#### [WHAT YOU SHOULD DO]
Would you please write out only the lines running from the top of the listing through the one holding "Movie still from", exactly, with both ends kept and pictures left out?

Top of RECORDS FOR THIS EXERCISE

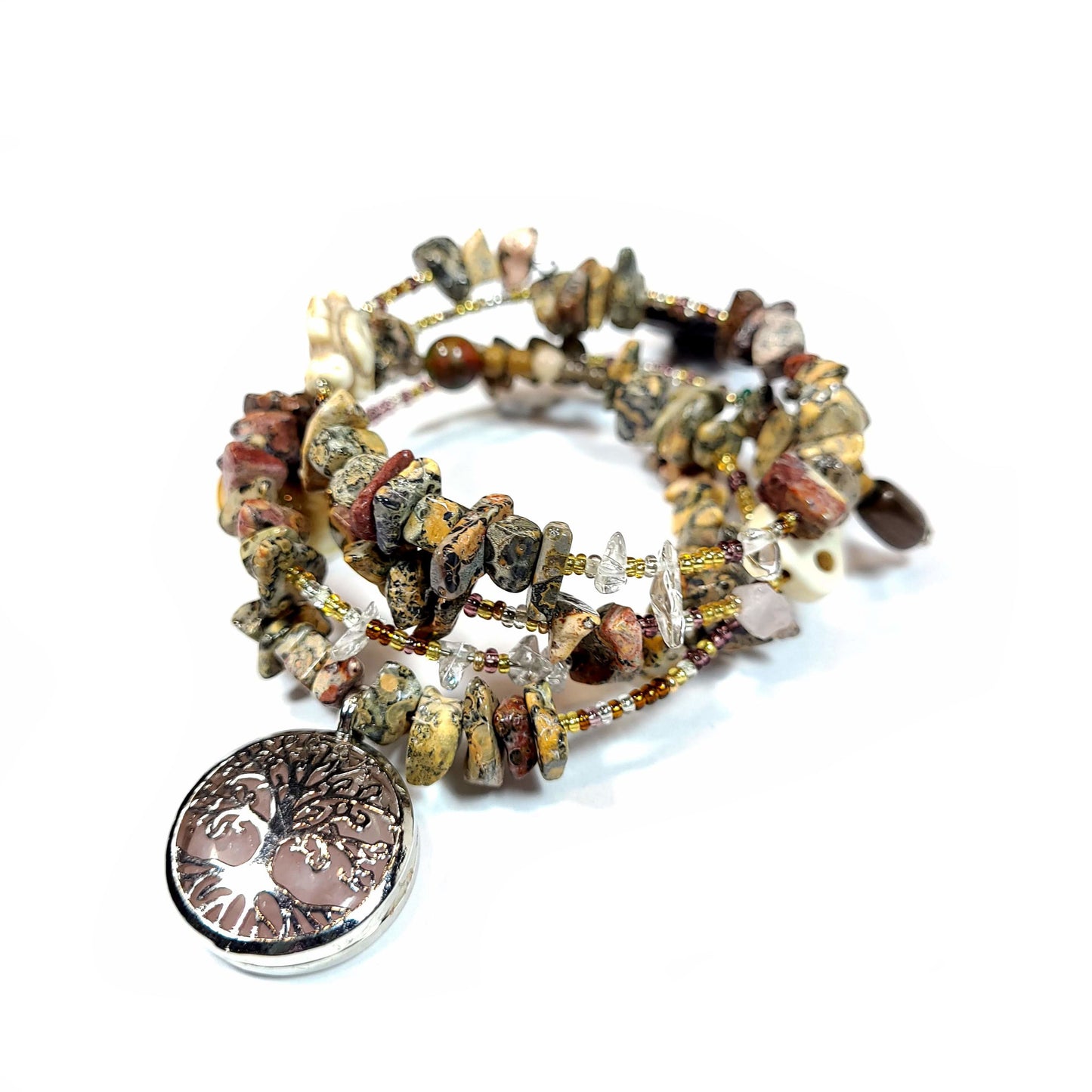 Memory wire bracelet made with multi-colored jasper chips, skull charm, quartz chips, seed beads, silver tone and semi precious stone charms.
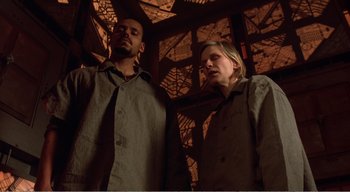 Movie still from “Cube” (1997), directed by Vincenzo Natali – A man and a woman standing next to each other; Medium shot, Low angle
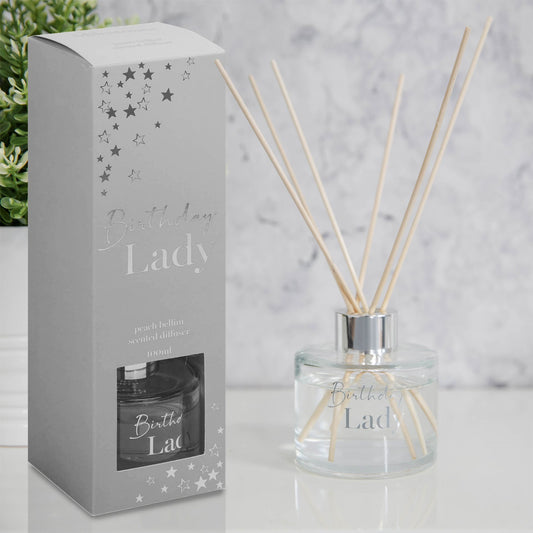 A Peach Bellini scented reed diffuser set, including a clear glass jar with a chrome finish metal lid and silver foil decal, accompanied by a box with 'Birthday Lady' text and star patterns.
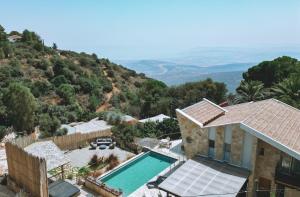 an aerial view of a house with a swimming pool at רום אמירים - מתחם אירוח מהמם עם בריכות מחוממות מול נוף עוצר נשימה in Amirim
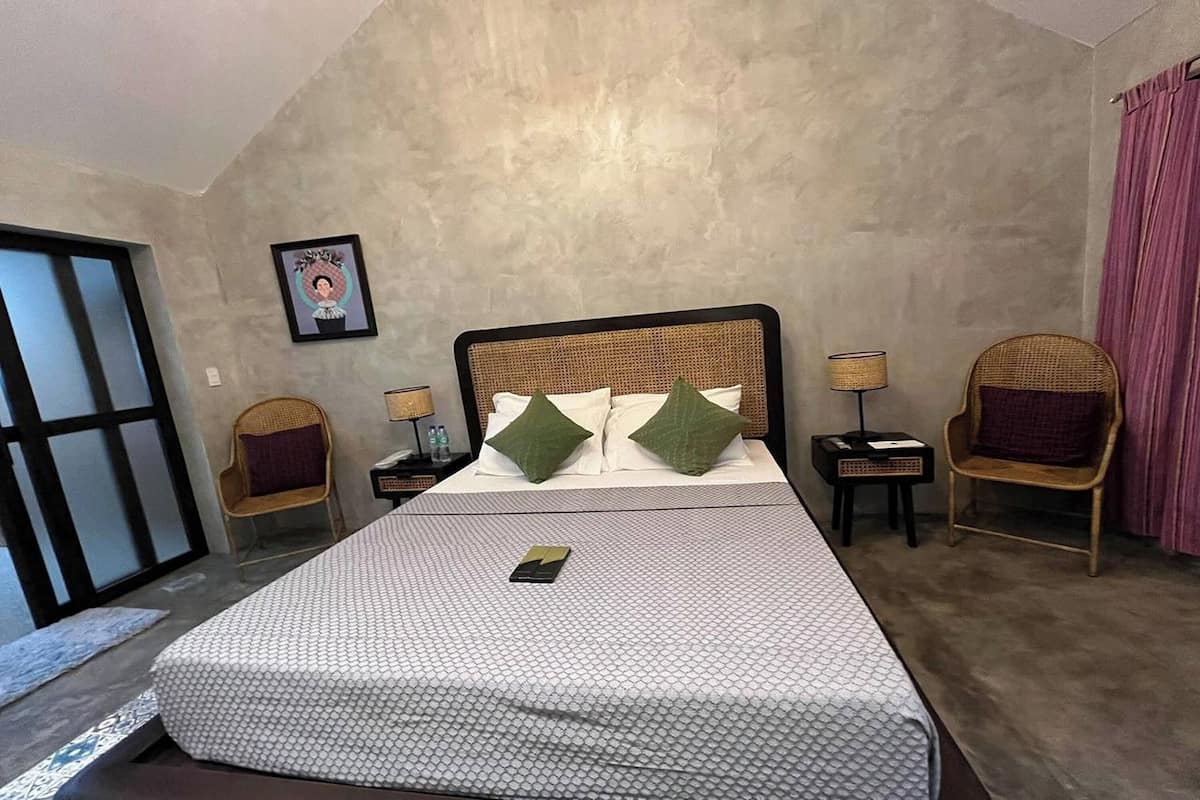 A hotel room with a large bed, two nightstands, two wicker chairs, a framed picture on the wall, and a sliding door.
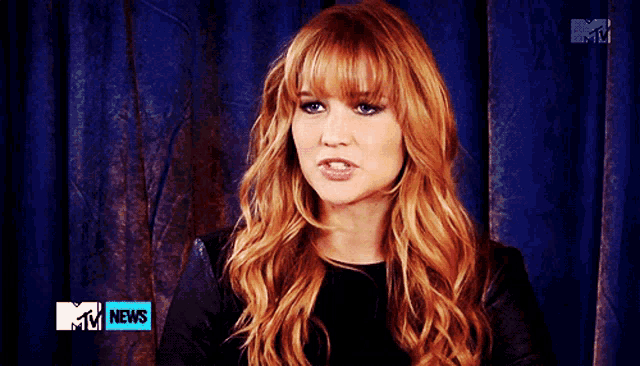 a woman with red hair is sitting in front of a blue curtain with a mtv news logo on it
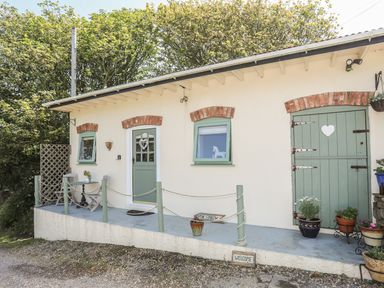 The exterior of a small building with green doors and windows and a small porch with chairs and potted plants at Hen Gilfach Stable in Llanfairyngnhornwy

Bottom of RECORDS FOR THIS EXERCISE

#### [RESULT FOR THIS TASK]
 Memory wire bracelet made with multi-colored jasper chips, skull charm, quartz chips, seed beads, silver tone and semi precious stone charms.
 Movie still from “Cube” (1997), directed by Vincenzo Natali – A man and a woman standing next to each other; Medium shot, Low angle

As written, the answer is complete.